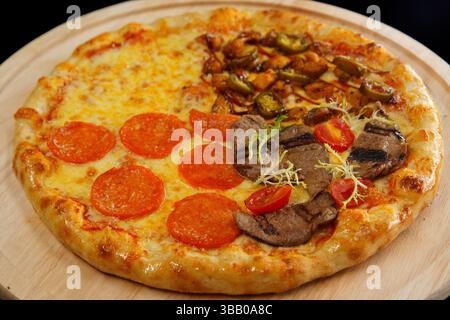 Ulan Bator, Mongolia. 6 maggio 2025. Pizza mista appena preparata. Crediti: L.Enkh-Orgil. Foto Stock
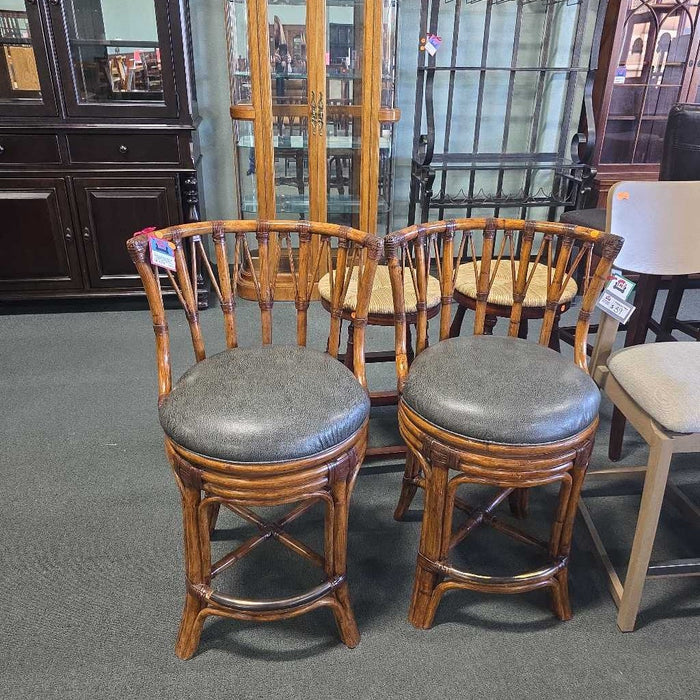 SET OF 2 TOMMY BAHAMA SOUTH BEACH STOOLS LSH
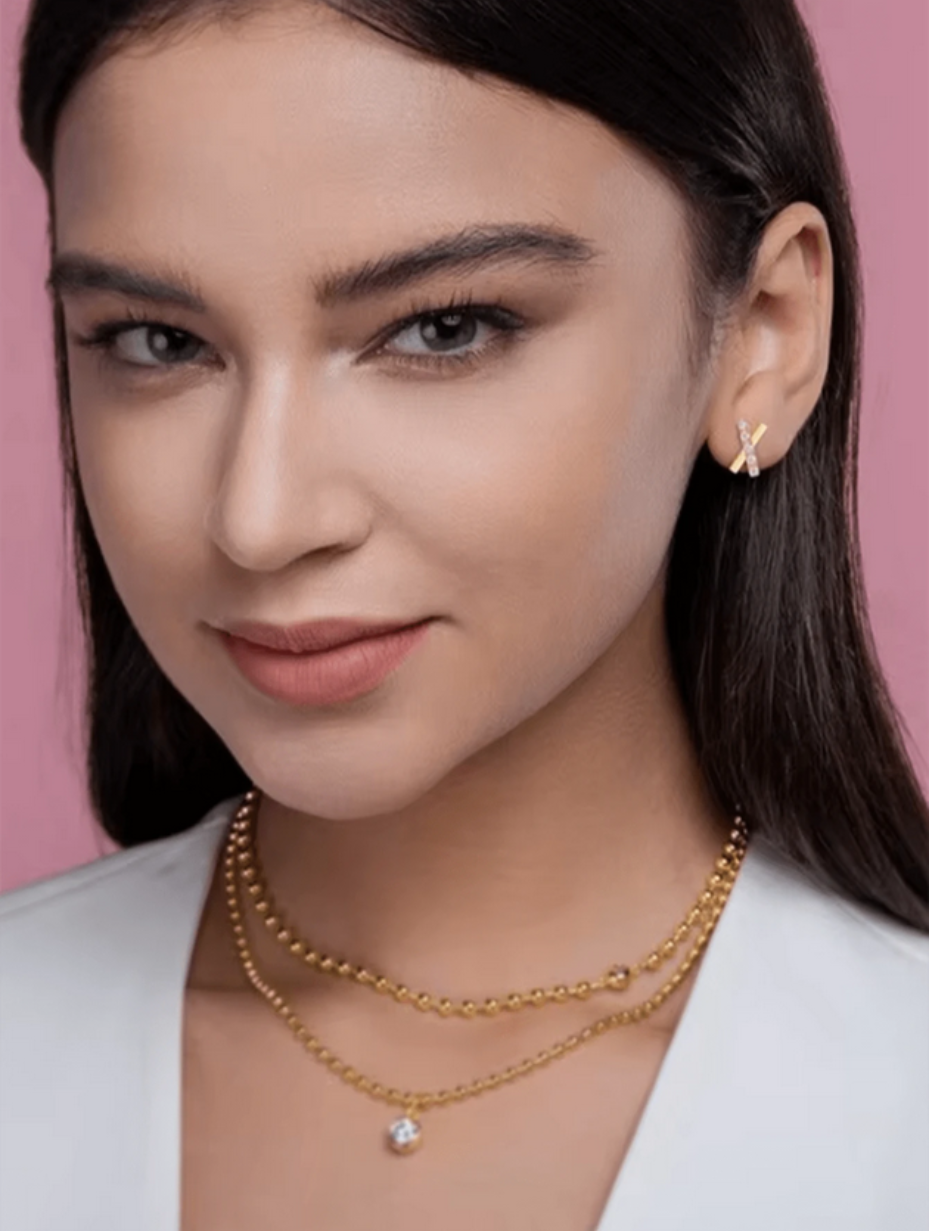18K Gold-Plated Moissanite Stud Earrings | Elegant & Dazzling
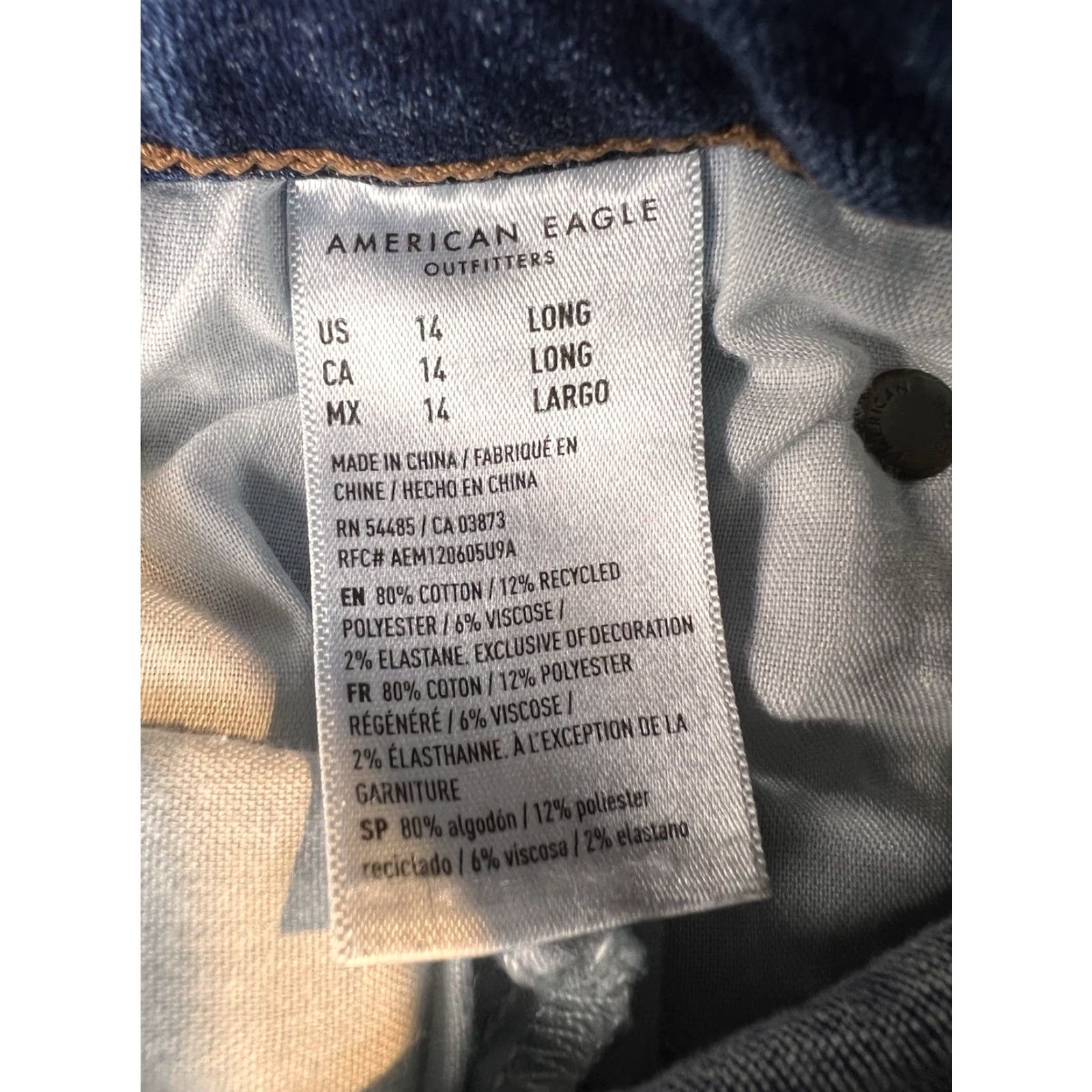 American Eagle Outfitters American Eagle Outfitters Jeans Womens 14 Blue Low-Rise Flare Dark Wash Denim Boho 90s Hipster Bohemian Jeans Womens Blue 14 Low Rise Flare Jeans Size 36" / US 14 / IT 50 - 4 Thumbnail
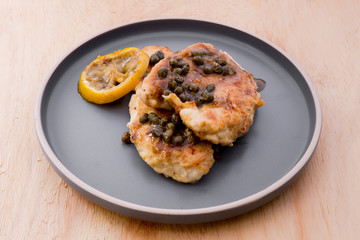 Italian food Lemon chicken Piccata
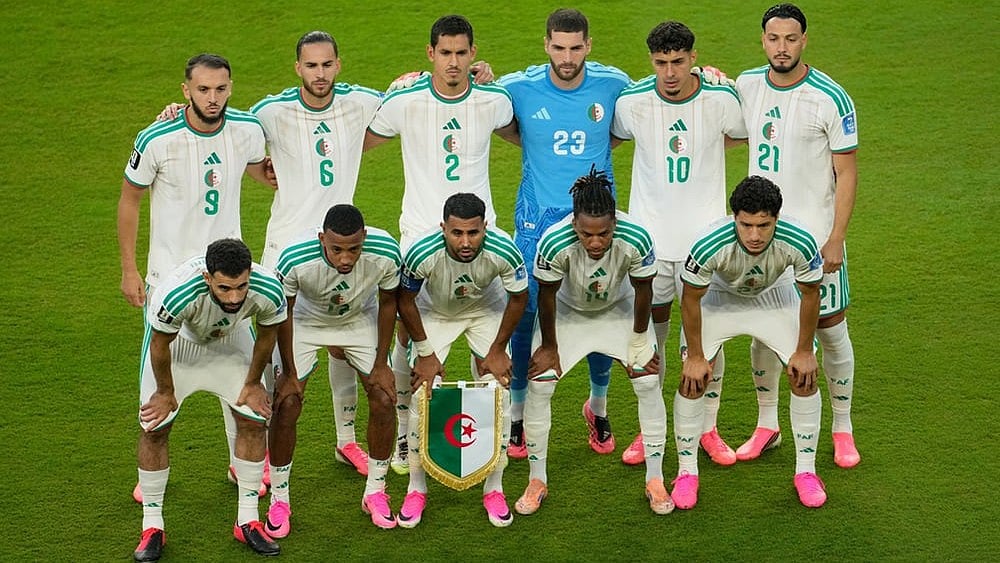The Algeria starting 11 players pose for photographers during the World Cup Group J soccer match between Jordan and Algeria in Santa Clara, Calif., near San Francisco. - | Photo: AP/Jeff Chiu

__________

Exercise requirements:
An exact transcription of the listing is required, and it must contain no pictures.

Exercise response:
 Ulan Bator, Mongolia. 6 maggio 2025. Pizza mista appena preparata. Crediti: L.Enkh-Orgil. Foto Stock
 SET OF 2 TOMMY BAHAMA SOUTH BEACH STOOLS LSH
18K Gold-Plated Moissanite Stud Earrings | Elegant & Dazzling
 American Eagle Outfitters American Eagle Outfitters Jeans Womens 14 Blue Low-Rise Flare Dark Wash Denim Boho 90s Hipster Bohemian Jeans Womens Blue 14 Low Rise Flare Jeans Size 36" / US 14 / IT 50 - 4 Thumbnail
 Italian food Lemon chicken Piccata
The Algeria starting 11 players pose for photographers during the World Cup Group J soccer match between Jordan and Algeria in Santa Clara, Calif., near San Francisco. - | Photo: AP/Jeff Chiu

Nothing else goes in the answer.